The new system, scheduled to take effect by January 2021, will be based on skills over nationality, and is set to impact recruitment, onboarding and immigration compliance for UK businesses both in the short and long term.
Ministers published the first iteration of the new rules in December 2018. Changes are to include the removal of the annual cap on skilled work visas and employers wanting to sponsor overseas employees will no longer be required to show they have attempted to recruit a UK-resident worker before employing a skilled migrant worker.
The plans also include the introduction of a temporary work visa for lower skilled workers. Under the route, workers will be permitted to remain and work in the UK for a maximum of 12 months, after which they must leave the UK. A ‘cooling off’ period of 12 months then applies.
In response, concerns have been raised across the economy that the limitations of the new route will render it unattractive to migrant workers. Sectors such as retail, construction, health and agriculture are predicting critical shortfalls in lower skilled labour under the new rules where the domestic labour market remains unable to satisfy industry recruitment needs.
As the government proceeds with formulating the new system ahead of the 2021 deadline, businesses are being urged to start planning now to prepare recruitment strategies, budgets and processes for the changes ahead.
Brexit however, and in particular the prospect of a No Deal exit, creates a critical complicating factor for businesses looking ahead to the new system. With both the UK and the EU continuing to invest and make preparations for a No Deal scenario, employers are now being urged to do the same.
Deal or No Deal impact
The Deal scenario would of course be determined by the terms of any agreement that is approved, which, at the time of writing, remains an elusive prospect.
In preparation for a No Deal, the Government has published specific arrangements for EU migration. Under the plans, in the event of a No Deal Brexit, EU free movement will end with immediate effect. After Britain leaves the EU, non-UK EU citizens not already in the UK will be allowed to enter the country, but will only be permitted to stay for a maximum of 3 months.
To remain in the UK lawfully beyond this 3 month period, they will have to apply for the new ‘European Temporary Leave to Remain’, which will allow the individual to work, live and study here for up to 3 years. At the end of this period, the individual must either leave the UK or apply to remain under a different visa route. It will not be
possible to extend this leave, nor will it count towards EU settled status or indefinite leave to remain.
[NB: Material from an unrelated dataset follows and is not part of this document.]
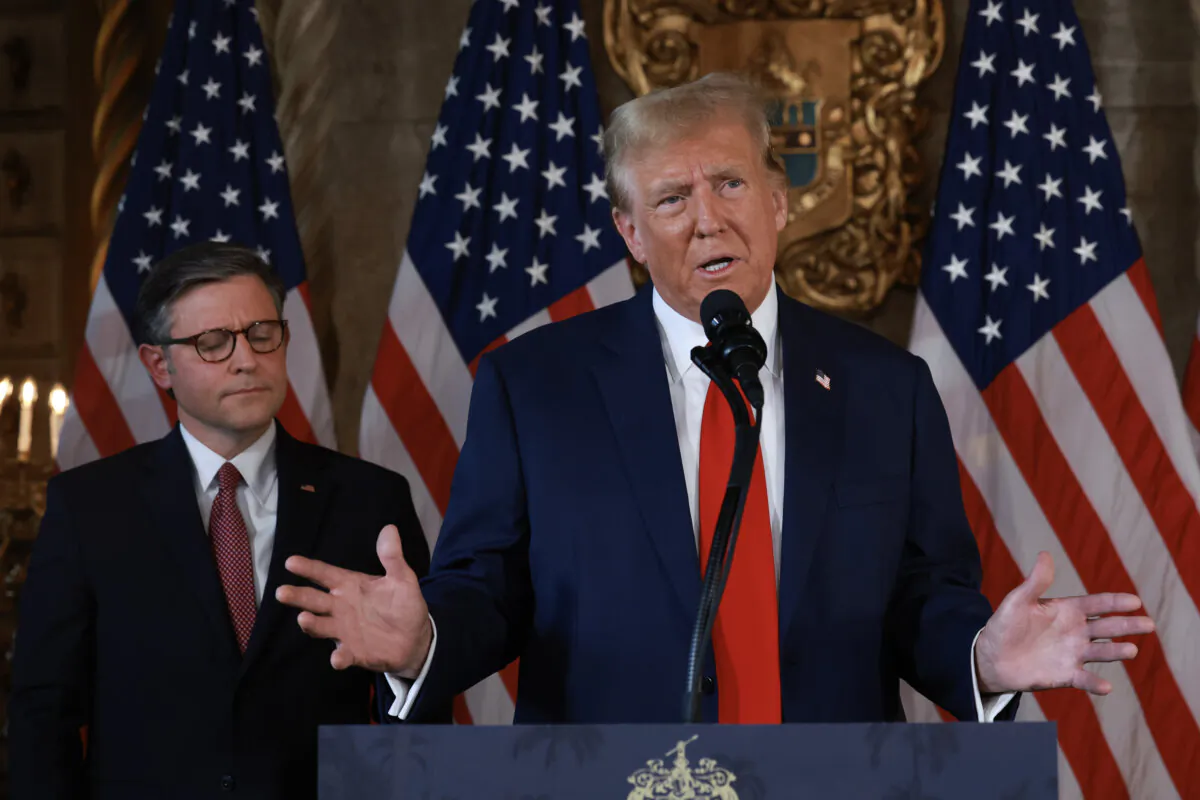 Republican presidential candidate former President Donald Trump and Speaker of the House Mike Johnson (R-La.) hold a press conference at Mr. Trump's Mar-a-Lago estate on in Palm Beach, Florida, on April 12, 2024. (oe Raedle/Getty Images)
The eligibility requirements for European Leave to Remain are not yet known, making it extremely difficult to gauge the likely success rate of applications and as such the impact the new rules will ultimately have on the availability of EU workers in the UK.
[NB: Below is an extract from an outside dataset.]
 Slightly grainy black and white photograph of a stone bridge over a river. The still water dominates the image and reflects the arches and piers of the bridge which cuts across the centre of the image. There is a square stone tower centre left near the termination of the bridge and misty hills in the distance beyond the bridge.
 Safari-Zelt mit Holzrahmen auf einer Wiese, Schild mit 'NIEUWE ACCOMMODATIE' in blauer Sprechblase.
Where EU citizens are granted temporary leave, at the end of the 3 years, the individual will have to leave the job and the country, unless they are granted leave under a different route. This will be a significant concern for businesses looking for longer-term workforce solutions.
It is also not clear whether EU citizens will be able to leave the UK at the end of the initial 3 months and return to ‘reset the clock’, thereby negating the need to apply for leave to remain.
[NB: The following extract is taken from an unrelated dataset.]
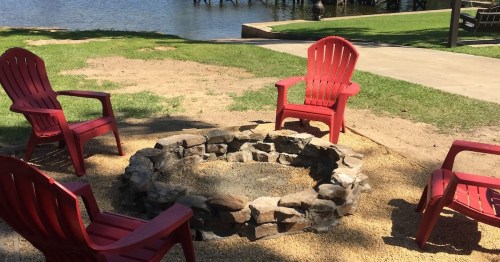 four red lawn chairs surrounding a rock pit near a lake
What should employers be doing now?
The end of EU free movement and a no-deal Brexit will inevitably hit companies’ recruitment and workforce planning. Employers should take advantage of the extended Brexit deadline – now 31st October – to carry out critical planning and preparation for both Deal and No Deal scenarios.
Steps should be taken to reassure existing EU national workers through this period of change. With the new EU Settlement Scheme now fully open, employers are encouraged to ensure existing EU employees feel supported through the process, not least to minimise EU staff attrition. Measures could include offering settled status presentations and sharing guidance materials.
While the Government has stated that employers will not (as yet?) be required to perform document checks on EU workers, their right to work duties under law – and the penalties for non-compliance – remain. Having immigration compliance in order will stand businesses in good stead to respond to updates in legislation that may follow to bring all of the rules into line.
The changes are also likely to create training needs for business owners, HR, line managers, supervisors and other personnel responsible for recruiting and onboarding, to avoid frontline breaches and unlawful practices.
Looking at the longer-term picture, recruitment strategies, budgets, timescales and policies should be reviewed in light of future restrictions on EU worker access and the immigration system overhaul to avoid disruption to employee supply and maintain competitive advantage when accessing international talent markets.